Canoe Sufferfest 2024: Nethy Bridge to Berwick-Upon-Tweed

By George Fell

One of the many things I love about Scottish paddling is that when something gets promoted as a ‘first’, it regularly turns out that somebody else did it 20 years ago and just didn’t tell anyone.

Whether it’s river boats, sea kayaks, or open canoes, a load of the big trips were done in the era of foam roll mats and headtorches with big rectangular batteries; sometimes even in the age of wooden boats, tweed jackets and pipes!

Really it doesn’t matter a lot. Like the water flowing past you, every single trip is a ‘first’. The people, the weather, the environment you paddle through are different every time.

Like all the best ideas, this one was stolen. I believe Ray Goodwin and Graham Rowe did a trip from Loch Hope to Perth back in the 1990s, which Duncan Ellis did as an epic solo trip back in 2011.
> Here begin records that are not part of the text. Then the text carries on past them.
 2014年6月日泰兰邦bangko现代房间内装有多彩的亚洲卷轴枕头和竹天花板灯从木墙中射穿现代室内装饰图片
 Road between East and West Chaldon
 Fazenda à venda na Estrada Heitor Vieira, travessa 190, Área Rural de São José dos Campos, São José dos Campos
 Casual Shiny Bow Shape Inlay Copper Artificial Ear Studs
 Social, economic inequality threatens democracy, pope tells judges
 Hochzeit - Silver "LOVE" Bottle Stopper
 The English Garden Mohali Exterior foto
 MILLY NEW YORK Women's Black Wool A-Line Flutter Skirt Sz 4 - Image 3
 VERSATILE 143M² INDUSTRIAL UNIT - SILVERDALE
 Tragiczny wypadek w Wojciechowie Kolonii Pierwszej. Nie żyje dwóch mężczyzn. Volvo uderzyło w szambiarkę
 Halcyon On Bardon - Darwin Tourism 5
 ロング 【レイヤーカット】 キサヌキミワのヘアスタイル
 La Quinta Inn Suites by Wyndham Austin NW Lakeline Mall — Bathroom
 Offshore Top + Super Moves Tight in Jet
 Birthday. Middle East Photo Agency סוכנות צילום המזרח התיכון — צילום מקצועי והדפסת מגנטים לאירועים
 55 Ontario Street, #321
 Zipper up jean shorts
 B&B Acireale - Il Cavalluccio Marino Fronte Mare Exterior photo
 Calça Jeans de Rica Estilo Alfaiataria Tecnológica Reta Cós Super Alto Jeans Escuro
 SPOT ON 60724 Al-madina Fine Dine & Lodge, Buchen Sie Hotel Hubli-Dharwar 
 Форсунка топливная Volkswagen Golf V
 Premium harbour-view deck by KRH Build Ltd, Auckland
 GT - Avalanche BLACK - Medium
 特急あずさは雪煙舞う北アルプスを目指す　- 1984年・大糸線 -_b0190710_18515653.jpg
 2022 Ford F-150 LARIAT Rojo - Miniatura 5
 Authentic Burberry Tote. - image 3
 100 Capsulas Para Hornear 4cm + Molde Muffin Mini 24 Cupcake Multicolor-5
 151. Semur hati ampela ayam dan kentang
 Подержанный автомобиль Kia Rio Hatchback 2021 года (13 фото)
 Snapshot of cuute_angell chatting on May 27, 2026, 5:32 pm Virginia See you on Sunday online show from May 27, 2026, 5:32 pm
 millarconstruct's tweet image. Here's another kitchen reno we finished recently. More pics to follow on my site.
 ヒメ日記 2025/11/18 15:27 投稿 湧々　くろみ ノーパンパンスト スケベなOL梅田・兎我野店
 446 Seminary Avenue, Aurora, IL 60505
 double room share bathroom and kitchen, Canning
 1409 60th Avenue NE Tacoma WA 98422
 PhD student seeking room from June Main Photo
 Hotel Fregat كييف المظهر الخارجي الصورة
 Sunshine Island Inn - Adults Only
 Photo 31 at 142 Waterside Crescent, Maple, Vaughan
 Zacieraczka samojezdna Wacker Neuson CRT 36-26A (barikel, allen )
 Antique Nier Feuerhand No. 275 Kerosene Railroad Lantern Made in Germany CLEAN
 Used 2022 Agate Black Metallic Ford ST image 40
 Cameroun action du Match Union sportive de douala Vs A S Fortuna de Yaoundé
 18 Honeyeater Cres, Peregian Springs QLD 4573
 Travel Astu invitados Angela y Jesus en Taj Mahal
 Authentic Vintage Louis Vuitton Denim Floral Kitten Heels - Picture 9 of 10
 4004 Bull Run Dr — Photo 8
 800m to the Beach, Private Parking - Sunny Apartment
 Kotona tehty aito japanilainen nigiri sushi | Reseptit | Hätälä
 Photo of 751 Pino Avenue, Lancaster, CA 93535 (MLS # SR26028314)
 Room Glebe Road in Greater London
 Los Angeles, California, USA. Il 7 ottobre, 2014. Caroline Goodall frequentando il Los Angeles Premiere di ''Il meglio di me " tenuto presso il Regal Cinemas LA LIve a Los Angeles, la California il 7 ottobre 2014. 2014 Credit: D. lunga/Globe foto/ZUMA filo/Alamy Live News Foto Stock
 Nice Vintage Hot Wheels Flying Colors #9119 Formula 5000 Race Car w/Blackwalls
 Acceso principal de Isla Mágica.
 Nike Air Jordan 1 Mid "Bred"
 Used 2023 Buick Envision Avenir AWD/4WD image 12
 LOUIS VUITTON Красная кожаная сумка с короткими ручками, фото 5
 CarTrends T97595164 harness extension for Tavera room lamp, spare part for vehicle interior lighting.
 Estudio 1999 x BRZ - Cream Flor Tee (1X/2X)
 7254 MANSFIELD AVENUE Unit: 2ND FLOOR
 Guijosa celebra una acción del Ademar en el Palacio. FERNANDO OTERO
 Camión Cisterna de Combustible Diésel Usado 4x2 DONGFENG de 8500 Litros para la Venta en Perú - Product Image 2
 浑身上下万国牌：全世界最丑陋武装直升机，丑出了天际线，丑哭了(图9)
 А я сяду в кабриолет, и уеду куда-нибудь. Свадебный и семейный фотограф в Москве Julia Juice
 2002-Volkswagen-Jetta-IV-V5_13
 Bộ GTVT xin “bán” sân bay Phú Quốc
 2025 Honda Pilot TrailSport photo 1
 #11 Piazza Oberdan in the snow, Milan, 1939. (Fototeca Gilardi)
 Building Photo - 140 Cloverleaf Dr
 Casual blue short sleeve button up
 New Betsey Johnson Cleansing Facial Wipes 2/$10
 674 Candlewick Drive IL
I’d looked at Duncan’s blog and wondered if there was any way to portage across the Pentlands to extend his route into the Tweed system, all the way to Berwick.

More paddling than portaging… just!

I love paddling alone, but this felt like a trip for a small team. Stephen McCall and I had done a silly Scottish trip back in March 2022. I knew he’d be up for another esoteric expedition if we could make our calendars align. As we sat chatting about Scottish trips at the English Canoe Symposium, Liam Green said something along the lines of, “I love how we’ve got a group of expedition canoeists who are basically competing to see who can have the most horrible time”. Thus, the third member of the team was found!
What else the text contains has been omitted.